Banjir Sumatra juga menyingkap masalah tata kelola yang masih sektoral dan reaktif. Teori Good Governance dari UNDP menekankan bahwa pembangunan berkelanjutan memerlukan transparansi, akuntabilitas, dan kemampuan negara mengelola risiko jangka panjang. Governance bukan sekadar penyerapan anggaran, melainkan keberanian mengendalikan aktivitas ekonomi yang merusak daya dukung lingkungan.
Jika kebijakan pembangunan tidak terintegrasi dengan mitigasi risiko ekologis, negara pada dasarnya menunda masalah ke masa depan dengan biaya yang lebih tinggi. Tata kelola berbasis TBL menuntut sinkronisasi antara perencanaan ekonomi, perlindungan sosial, dan konservasi lingkungan sebagai satu kebijakan terpadu.

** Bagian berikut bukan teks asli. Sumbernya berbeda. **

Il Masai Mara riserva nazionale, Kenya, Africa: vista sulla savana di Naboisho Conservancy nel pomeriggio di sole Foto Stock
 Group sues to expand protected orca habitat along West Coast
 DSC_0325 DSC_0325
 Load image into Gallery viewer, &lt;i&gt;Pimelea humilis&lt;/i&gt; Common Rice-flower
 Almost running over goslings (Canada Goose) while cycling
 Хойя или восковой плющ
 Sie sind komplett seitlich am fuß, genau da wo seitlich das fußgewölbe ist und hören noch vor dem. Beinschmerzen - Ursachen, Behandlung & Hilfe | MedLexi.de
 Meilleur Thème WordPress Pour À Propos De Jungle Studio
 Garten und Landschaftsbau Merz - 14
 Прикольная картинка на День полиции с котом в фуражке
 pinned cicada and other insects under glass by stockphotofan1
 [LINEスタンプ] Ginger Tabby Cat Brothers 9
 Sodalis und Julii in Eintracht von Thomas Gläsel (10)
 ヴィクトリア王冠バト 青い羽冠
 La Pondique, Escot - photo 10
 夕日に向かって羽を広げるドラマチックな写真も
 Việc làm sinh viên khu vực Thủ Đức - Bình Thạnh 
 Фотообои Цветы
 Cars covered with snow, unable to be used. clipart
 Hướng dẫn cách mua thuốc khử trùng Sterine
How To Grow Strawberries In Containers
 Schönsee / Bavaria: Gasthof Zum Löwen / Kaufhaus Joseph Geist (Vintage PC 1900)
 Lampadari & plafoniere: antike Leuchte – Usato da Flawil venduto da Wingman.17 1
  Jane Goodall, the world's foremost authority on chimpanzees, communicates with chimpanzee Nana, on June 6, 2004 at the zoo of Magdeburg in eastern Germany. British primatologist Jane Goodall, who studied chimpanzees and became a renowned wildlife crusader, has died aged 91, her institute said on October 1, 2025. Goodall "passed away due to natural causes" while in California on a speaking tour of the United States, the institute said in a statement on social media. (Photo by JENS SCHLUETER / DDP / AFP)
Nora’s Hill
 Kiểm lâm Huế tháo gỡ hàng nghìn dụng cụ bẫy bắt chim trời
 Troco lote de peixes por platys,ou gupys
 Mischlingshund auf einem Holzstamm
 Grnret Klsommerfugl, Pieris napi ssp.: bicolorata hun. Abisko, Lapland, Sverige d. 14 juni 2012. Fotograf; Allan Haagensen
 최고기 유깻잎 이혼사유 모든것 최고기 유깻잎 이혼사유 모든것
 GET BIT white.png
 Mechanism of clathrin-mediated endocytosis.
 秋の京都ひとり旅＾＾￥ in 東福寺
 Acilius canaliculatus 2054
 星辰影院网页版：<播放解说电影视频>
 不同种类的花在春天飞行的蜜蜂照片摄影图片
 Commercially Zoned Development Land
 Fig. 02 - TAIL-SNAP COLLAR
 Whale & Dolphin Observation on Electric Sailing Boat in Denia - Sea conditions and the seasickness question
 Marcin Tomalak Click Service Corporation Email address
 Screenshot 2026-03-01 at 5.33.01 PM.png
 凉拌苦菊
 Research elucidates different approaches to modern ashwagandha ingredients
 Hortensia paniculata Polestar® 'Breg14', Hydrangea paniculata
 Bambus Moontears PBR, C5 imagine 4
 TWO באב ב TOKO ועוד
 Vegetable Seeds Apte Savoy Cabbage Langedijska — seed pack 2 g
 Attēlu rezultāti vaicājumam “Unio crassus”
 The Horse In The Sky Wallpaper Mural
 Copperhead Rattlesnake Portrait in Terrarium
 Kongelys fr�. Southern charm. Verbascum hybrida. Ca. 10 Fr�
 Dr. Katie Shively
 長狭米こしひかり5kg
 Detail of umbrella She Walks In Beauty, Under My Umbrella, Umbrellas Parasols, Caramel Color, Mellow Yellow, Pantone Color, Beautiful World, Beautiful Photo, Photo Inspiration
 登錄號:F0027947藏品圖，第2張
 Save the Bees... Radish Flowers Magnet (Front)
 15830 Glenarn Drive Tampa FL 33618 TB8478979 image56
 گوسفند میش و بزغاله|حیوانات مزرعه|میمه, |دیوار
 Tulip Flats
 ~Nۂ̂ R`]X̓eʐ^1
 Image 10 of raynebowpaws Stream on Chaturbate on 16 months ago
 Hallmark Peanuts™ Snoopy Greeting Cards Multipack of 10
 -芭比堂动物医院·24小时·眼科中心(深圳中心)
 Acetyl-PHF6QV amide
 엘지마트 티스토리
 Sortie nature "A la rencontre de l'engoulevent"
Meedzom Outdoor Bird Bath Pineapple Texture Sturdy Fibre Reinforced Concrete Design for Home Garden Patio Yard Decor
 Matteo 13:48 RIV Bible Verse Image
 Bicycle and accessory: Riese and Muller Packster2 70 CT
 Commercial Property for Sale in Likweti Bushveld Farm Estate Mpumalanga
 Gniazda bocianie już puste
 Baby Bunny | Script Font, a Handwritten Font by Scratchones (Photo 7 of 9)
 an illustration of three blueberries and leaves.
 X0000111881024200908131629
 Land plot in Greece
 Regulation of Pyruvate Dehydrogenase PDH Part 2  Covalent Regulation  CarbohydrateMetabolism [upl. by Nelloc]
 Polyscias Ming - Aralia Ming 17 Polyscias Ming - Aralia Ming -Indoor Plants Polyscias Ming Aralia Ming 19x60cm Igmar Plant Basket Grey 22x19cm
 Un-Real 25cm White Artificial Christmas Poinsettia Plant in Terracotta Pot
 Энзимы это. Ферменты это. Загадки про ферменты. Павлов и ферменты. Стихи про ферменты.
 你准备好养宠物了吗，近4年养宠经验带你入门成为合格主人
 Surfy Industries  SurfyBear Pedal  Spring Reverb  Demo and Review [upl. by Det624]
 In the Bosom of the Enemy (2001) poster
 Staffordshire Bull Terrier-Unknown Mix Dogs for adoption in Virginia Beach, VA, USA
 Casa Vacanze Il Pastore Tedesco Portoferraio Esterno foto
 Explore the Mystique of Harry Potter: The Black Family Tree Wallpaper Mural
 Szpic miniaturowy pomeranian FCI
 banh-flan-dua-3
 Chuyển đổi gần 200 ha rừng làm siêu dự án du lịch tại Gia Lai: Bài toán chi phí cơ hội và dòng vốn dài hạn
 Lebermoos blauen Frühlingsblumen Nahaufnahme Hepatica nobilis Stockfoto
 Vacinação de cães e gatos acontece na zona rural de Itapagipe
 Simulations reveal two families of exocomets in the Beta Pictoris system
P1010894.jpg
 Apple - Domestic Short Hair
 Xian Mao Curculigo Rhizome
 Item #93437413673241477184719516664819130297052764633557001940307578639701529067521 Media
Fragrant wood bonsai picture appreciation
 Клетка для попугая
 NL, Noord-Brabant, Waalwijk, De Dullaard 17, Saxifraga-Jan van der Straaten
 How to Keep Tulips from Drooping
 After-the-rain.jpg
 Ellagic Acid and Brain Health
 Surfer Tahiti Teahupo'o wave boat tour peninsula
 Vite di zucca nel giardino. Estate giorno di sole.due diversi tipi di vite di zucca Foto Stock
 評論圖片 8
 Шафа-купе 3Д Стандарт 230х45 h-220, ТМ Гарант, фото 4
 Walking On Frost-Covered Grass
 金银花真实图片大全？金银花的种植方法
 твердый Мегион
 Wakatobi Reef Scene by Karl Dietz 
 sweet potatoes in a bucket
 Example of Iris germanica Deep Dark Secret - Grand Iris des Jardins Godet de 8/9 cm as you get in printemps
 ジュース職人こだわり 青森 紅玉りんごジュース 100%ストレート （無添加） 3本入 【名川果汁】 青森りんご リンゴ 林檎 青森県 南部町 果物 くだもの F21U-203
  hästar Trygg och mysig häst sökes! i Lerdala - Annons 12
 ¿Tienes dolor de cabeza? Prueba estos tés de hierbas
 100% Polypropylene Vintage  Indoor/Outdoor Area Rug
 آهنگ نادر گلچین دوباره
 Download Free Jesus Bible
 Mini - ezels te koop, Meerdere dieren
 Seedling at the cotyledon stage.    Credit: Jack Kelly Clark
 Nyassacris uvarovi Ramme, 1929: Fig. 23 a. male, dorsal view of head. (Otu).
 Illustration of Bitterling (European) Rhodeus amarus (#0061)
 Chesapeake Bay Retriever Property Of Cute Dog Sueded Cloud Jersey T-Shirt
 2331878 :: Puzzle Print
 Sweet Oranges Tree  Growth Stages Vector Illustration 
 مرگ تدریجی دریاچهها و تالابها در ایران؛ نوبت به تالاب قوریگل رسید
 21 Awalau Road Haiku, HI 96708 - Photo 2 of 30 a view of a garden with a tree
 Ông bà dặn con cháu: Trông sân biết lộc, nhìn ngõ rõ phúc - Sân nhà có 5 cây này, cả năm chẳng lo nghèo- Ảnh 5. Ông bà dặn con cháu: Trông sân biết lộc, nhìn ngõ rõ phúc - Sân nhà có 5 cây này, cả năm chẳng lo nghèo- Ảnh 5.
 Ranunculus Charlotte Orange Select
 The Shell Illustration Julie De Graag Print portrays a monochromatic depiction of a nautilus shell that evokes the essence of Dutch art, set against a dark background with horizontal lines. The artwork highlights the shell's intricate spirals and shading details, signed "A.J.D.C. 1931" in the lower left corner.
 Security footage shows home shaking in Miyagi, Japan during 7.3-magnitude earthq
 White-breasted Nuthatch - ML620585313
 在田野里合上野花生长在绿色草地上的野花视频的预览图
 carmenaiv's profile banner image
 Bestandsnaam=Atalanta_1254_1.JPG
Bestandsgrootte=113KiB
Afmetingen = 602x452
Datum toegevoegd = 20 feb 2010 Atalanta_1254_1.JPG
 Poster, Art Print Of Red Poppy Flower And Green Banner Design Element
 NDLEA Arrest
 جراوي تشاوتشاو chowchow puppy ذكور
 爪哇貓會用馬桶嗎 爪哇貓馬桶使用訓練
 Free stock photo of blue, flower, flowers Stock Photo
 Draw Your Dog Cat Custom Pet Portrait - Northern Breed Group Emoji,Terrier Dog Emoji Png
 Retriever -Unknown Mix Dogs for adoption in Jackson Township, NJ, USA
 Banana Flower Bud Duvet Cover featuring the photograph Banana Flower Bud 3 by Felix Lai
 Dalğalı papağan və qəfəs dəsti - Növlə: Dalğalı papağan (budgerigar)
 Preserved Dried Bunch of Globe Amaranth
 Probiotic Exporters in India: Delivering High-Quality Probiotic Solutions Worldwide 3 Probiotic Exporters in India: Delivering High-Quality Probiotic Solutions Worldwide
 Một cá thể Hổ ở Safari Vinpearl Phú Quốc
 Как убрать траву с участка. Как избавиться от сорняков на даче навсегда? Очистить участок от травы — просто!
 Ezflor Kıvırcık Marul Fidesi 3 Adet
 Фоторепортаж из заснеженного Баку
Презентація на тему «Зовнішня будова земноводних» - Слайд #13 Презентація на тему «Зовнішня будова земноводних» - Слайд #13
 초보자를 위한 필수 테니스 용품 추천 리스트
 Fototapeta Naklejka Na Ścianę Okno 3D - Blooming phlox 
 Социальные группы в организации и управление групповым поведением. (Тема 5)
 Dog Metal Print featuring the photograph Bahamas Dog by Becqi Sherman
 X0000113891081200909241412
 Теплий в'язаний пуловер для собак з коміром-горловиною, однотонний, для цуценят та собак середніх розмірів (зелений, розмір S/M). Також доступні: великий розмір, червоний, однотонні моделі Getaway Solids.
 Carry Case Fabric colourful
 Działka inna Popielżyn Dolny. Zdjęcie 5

Siklus bencana tidak akan terhenti bila respons pembangunan tetap bersifat reaktif. Pendekatan pembangunan preventif menunjukkan bahwa investasi pada pencegahan dan mitigasi bencana jauh lebih efisien dibandingkan biaya pemulihan. Setiap rupiah yang dialokasikan untuk melindungi ekosistem dan memperkuat ketahanan sosial berpotensi menghemat biaya kerusakan berlipat ganda di masa depan.
Dalam kerangka ini, TBL bukan beban tambahan bagi negara dan dunia usaha, melainkan strategi rasional untuk menurunkan risiko sistemik. Keberlanjutan bukan lawan pertumbuhan, melainkan prasyarat agar pertumbuhan tidak runtuh oleh bencana yang diciptakan sendiri.
Banjir Sumatra harus dibaca sebagai peringatan keras bahwa kita tidak dapat terus berputar dalam lingkaran yang sama. Triple Bottom Line menawarkan solusi: Planet sebagai fondasi, People sebagai inti, dan Profit sebagai hasil. Jika salah satu diabaikan, seluruh sistem menjadi rapuh.
Empati terhadap korban bencana harus disertai dengan keberanian kebijakan untuk bertransformasi. Tanpa itu, bencana selanjutnya hanya menunggu waktu. Pilihan jelas: tetap terjebak dalam siklus bencana atau merombak pembangunan dengan TBL sebagai agenda bersama pemerintah, sektor bisnis, dan masyarakat.